Термин «красно-коричневый» возник в России в идейной неразберихе начала 90-х годов и использовался по преимуществу для шельмования либералами своих политических противников (причем в равной степени доставалось и национал-большевикам, и коммунистам-зюгановцам). Но примечательно, что он же (во французском изводе rouge-brun) был моментально подхвачен в Европе, где гордо служит для самоидентификации мыслителей и активистов, пытающихся объединить «новый левый» и «новый правый» утопические проекты.

В мае 1993 года в радикальном и эстетствующем журнале Idiot International, который издавал Жан-Эдерн Аллиер, появилось воззвание одного из лидеров французских профсоюзов Жан-Поля Круза, призвавшего к восстанию «мышления против вещизма, культуры против торговли», живых народов - против глобализма. Это восстание, - по мнению Круза, - должно объединить коммунистов с ультра-националистами, и, наконец, всех тех, кто не желает становится элементом единого, непонятно, каким целям служащего, в известной степени самодостаточного и всепоглощающего механизма наращивания денежной массы...

...За прошедшие полтора десятилетия «красно-коричневый» проект только набирал силу. В его сторону эволюционировали и «новые правые» идеологи, такие, как лидер французской группы Grece Ален де Бенуа, и многие бывшие активисты коммунистических партий (напр., многие из учеников Роже Городи, еще в 80-х годах принявшего ислам). Тот же де Бенуа убежден, что в условиях информационного общества основная борьба ведется против «торгового разума и экономического интереса, а также против многочисленных влияний капитала, чье планетарное распространение представляет основную угрозу бытию». Понятно, что идентифицировать подобное высказывание как «правое» или «левое» совершенно невозможно; круг замкнулся...

...Любопытно, кстати, что сами «красно-коричневые» убеждены: именно «лево-правый» синтез лег в основу политической практики и идеологии тех современных государств, которые противостоят «новому мировому порядку». В Ливии М.Кадаффи анархические идеи (на них строилась «джаммахария») никак не противоречат опоре на традицию и религиозные нормы; в Иране принцип социальной справедливости становится базовым для мусульманского общества...

Вызов для России

...По инерции, в силу прежней мировой роли СССР, или интуитивно, предчувствуя неожиданный разворот событий, но так или иначе Россия для большинства противников мировой Системы - потенциальный союзник. Это верно для того же «нового правого» Алена де Бенуа, и для никарагуанского «левого-антиглобалиста» Даниэля Ортега. Подобное положение вещей тем более странно, что оно, в большинстве случаев, противоречит и текущей политике, и стратегическим высказываниям российских лидеров.
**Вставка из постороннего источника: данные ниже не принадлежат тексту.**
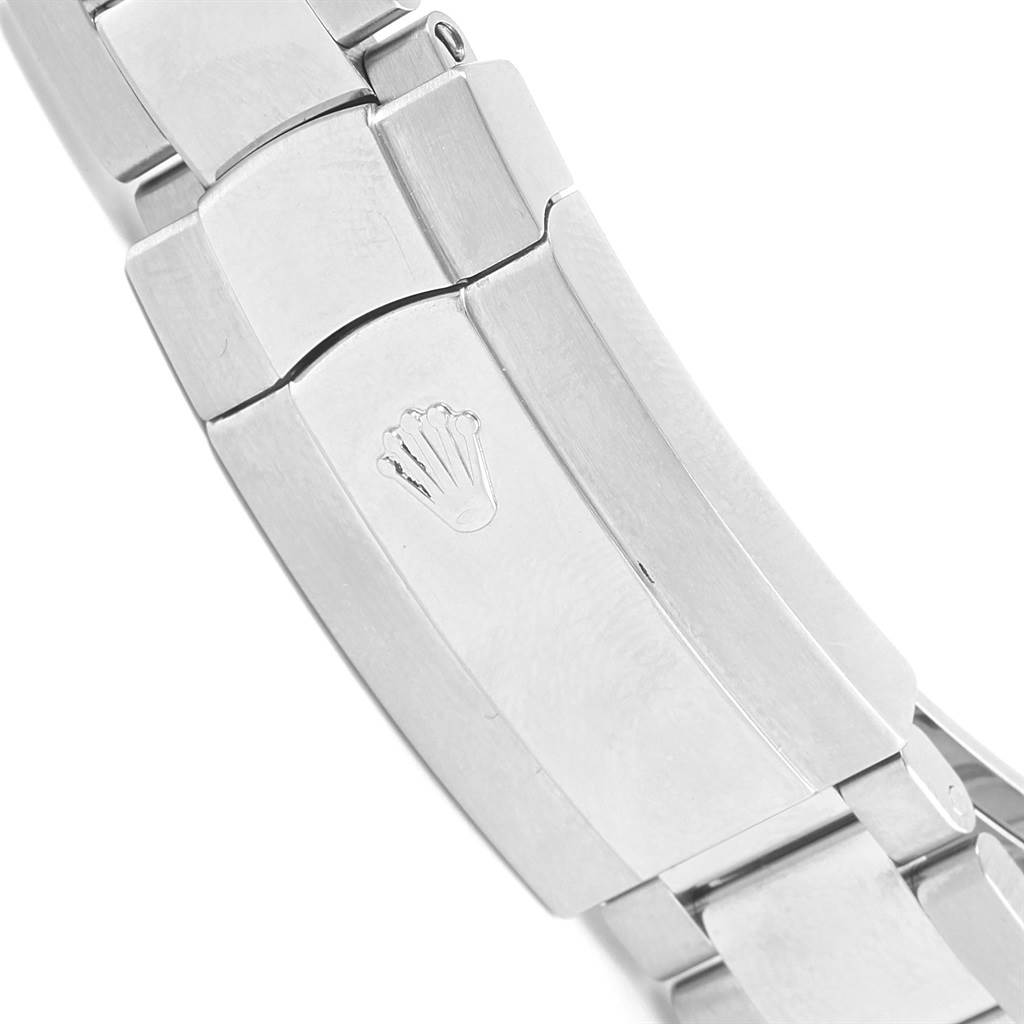 The image shows a close-up of the clasp and part of the bracelet of a Rolex Milgauss 116400GV Men's Stainless Steel Blue Dial 116400GV Men's Stainless Steel Blue Dial watch.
Однако сами по себе эти ожидания неминуемо становятся вызовом для нашего будущего. Очевидны три варианта ответа на такой вызов:
- влиться в борьбу на стороне «альтернативы»;
- использовать эту борьбу в своих интересах;
- полностью игнорировать связанные с ней перспективы и проявить «лояльность» Системе в духе Лео Штрауса.

...От выбора, который сделает Россия в ближайшие десятилетия, зависит не только ее судьба, но и дальнейшее течение мировой истории.